Demolizione e ricostruzione o nuova costruzione: le discriminanti

Secondo Palazzo Spada, il criterio discretivo tra l’intervento di “demolizione e ricostruzione” e la “nuova costruzione” è costituito proprio, nel primo caso, dall’assenza di variazioni del volume, dell’altezza o della sagoma dell’edificio, per cui, in assenza di tali indefettibili e precise condizioni si deve parlare di intervento equiparabile a “nuova costruzione”, da assoggettarsi alle regole proprie della corrispondente attività edilizia.

Tali criteri hanno un ancora maggiore pregio interpretativo a seguito dell’ampliamento della categoria della demolizione e ricostruzione operata dal d.lgs. 301/2002 in quanto “proprio perché non vi è più il limite della ‘fedele ricostruzione’ si richiede la conservazione delle caratteristiche fondamentali dell’edificio preesistente nel senso che debbono essere presenti gli elementi fondamentali, in particolare per i volumi” per cui “la ristrutturazione edilizia, per essere tale e non finire per coincidere con la nuova costruzione", deve conservare le caratteristiche fondamentali dell’edificio preesistente e la successiva ricostruzione dell’edificio deve riprodurre le precedenti linee fondamentali quanto a sagoma, superfici e volumi (cfr. Cons. Stato, sez. V, 9 agosto 2018, n. 4880).

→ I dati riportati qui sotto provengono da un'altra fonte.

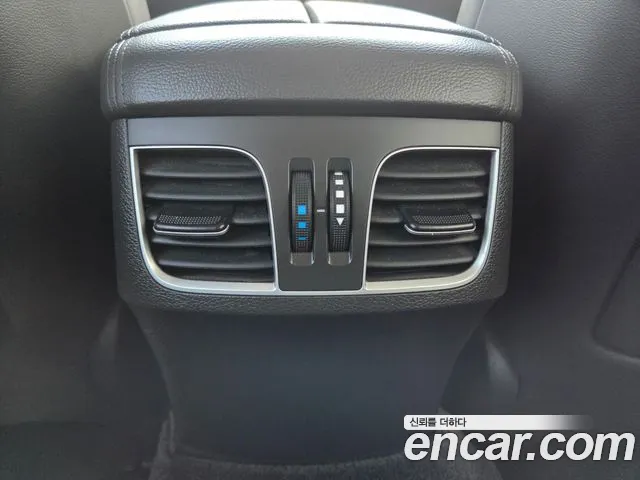 Hyundai Genesis 2016 thumb 12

Senza conformità, non c'è sanatoria edilizia

Nel caso di specie, tale conformità con il preesistente non sussiste e pertanto emergono i presupposti per ritenere le opere non suscettibili di sanatoria, avuto riguardo a quanto statuito dall’art. 2 della legge Regione Lombardia n. 31 del 2004, che, nell’introdurre una disciplina più restrittiva rispetto all’art. 32 del D.L. n. 269 del 2003, consente la sanabilità degli “ampliamenti entro i limiti massimi del 20 per cento della volumetria della costruzione originaria o, in alternativa, di 500 metri cubi” ed esclude, invece, dal condono “le opere abusive relative a nuove costruzioni, residenziali e non, qualora realizzate in assenza del titolo abilitativo edilizio e non conformi agli strumenti urbanistici generali vigenti alla data di entrata in vigore della presente legge”. La natura dell’intervento quale opera di “nuova costruzione” invece che di ampliamento, come afferma parte appellante, comporta quindi che esso non è riconducibile all’alveo applicativo del condono come regolato dalla disciplina regionale, promulgata a seguito della sentenza della Corte costituzionale n. 196 del 2004.